Not a lot of experience in the octagon in front of the cameras, yes. But you think he doesn't drill that stuff? You think they never get black belts for his training camps? Stipe actually has a rep, quiet as it is, of being almost impossible to submit. I've read a few testimonials, like a post from a guy who went along when his professor was brought in to provide Stipe practice, and in a full week of intensive rolling the master only managed to submit Stipe once.
I have a feeling though that Jones doesn't know it either. He's been conspicuously training with Gordon Ryan, and sniffing at Stipe "preparing for a boxing match" because the only training clips Stipe posts are him in the gloves and headgear. Does he think absence of Twitter proof = proof of absence?
If Jon goes for a submission but Stipe manages to reverse him and pounds his face off, I will LAUGH and LAUGH and LAUGH....
Dog, as someone who competes A LOT, drilling is good but time away from competition hurts like a mofo. There are definitely those who can overcome ring rust so hopefully Stipe is one.
I never heard of Stipes hard to tap cred, and that is very mildly reassuring.
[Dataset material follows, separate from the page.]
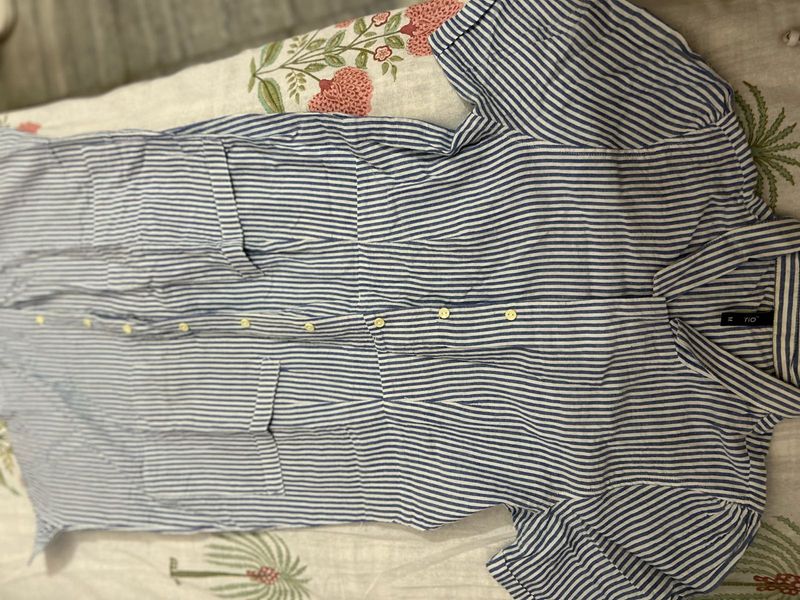 Striped Shirt Dress with belt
I just wish I had something visual to go off of. But hey, Stipe defending against Jon and getting ktfo is good to me
Yeah, in addition to the post
@g*r*b is referencing, Schaub has talked about this from when he trained with Stipe. Basically he said that Stipe's offensive BJJ in terms of his submission game is fairly limited and you won't really see him fishing for different types of stuff while rolling... but he is insanely physically strong and has a really solid "base" along with a good sense of awareness/defense that makes him nigh-impossible to manipulate, sweep, submit, etc.
Normally I wouldn't really give much credence to Brendan's thoughts on anything in the fight game, but since these are his personal anecdotes from the training room that gel with other things I've heard & seen I'm more keen to believe them. For instance, Stipe actually competed in a BJJ match years ago for charity. The guy he was up against was more experienced in sport BJJ and beat Stipe... but not in the way you might think. Miocic actually took him down and held him down with ease the entire time, but didn't really know what to do after that, lol. It was Stipe's first wearing the gi, so he just relied on his wrestler instincts and pancaked the guy flat for minutes at a time. Meanwhile, his opponent desperately threw up multiple submission and sweep attempts from bottom. Even though Stipe easily shut down all of them, this ruleset dictated that the more "aggressive" grappler would win if the match went the distance.
I think it's also worth remembering how he survived the Overeem guillotine. He probably came into that fight expecting a striking match, i.e. hadn't drilled a ton of sub defense. Yet after getting badly rocked and dropped, he was still able to regain his composure and survive a tight guillotine from Alistair. Bear in mind, Overeem has won 8 (?) pro MMA fights by guillotine. Hell, he dominated the ADCC European Trials and won a gold medal back in the day by tapping every single guy in his weight class... all by guillotine. Overeem has also supposedly out-grappled Werdum and Oleinik in the training room (source: Oleinik himself). Stipe surviving Alistair's signature choke
while hurt and coming back to win the fight is no mean feat.
I do still nominally favor Jones because I'm worried about Stipe's age, wear & tear, and inactivity... but Jones also has some red flags surrounding him that Stipe could potentially exploit if he comes correct, I'll admit.